THE TASK:
Please repeat the records below exactly, from the first line through the line containing "25 July 2023;", and nothing more.

RECORDS SHOWN:
== == ==
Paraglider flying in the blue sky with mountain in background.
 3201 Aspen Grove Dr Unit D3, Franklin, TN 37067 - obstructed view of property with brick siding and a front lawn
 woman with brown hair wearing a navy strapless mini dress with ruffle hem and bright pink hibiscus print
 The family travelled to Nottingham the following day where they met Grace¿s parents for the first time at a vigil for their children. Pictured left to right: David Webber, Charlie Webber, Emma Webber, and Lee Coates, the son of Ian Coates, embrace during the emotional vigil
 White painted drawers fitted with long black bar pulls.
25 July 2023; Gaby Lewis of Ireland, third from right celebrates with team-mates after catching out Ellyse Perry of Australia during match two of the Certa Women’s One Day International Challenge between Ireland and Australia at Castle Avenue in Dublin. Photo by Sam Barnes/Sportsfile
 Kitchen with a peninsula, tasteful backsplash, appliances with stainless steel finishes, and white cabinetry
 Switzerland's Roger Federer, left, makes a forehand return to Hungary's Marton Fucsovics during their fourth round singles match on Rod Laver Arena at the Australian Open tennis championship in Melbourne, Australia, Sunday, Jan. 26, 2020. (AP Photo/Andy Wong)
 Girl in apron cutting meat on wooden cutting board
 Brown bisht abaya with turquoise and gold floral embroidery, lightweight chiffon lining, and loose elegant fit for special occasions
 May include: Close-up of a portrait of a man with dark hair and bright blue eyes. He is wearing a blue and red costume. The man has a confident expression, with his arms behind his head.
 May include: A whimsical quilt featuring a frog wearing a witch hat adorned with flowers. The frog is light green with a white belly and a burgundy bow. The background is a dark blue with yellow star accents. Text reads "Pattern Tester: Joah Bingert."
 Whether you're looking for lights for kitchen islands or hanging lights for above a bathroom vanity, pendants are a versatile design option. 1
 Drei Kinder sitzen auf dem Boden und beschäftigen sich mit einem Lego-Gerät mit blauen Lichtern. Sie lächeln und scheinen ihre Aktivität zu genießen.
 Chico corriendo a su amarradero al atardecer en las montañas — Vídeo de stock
== == ==
SOLVED EXERCISE:
Paraglider flying in the blue sky with mountain in background.
 3201 Aspen Grove Dr Unit D3, Franklin, TN 37067 - obstructed view of property with brick siding and a front lawn
 woman with brown hair wearing a navy strapless mini dress with ruffle hem and bright pink hibiscus print
 The family travelled to Nottingham the following day where they met Grace¿s parents for the first time at a vigil for their children. Pictured left to right: David Webber, Charlie Webber, Emma Webber, and Lee Coates, the son of Ian Coates, embrace during the emotional vigil
 White painted drawers fitted with long black bar pulls.
25 July 2023; Gaby Lewis of Ireland, third from right celebrates with team-mates after catching out Ellyse Perry of Australia during match two of the Certa Women’s One Day International Challenge between Ireland and Australia at Castle Avenue in Dublin. Photo by Sam Barnes/Sportsfile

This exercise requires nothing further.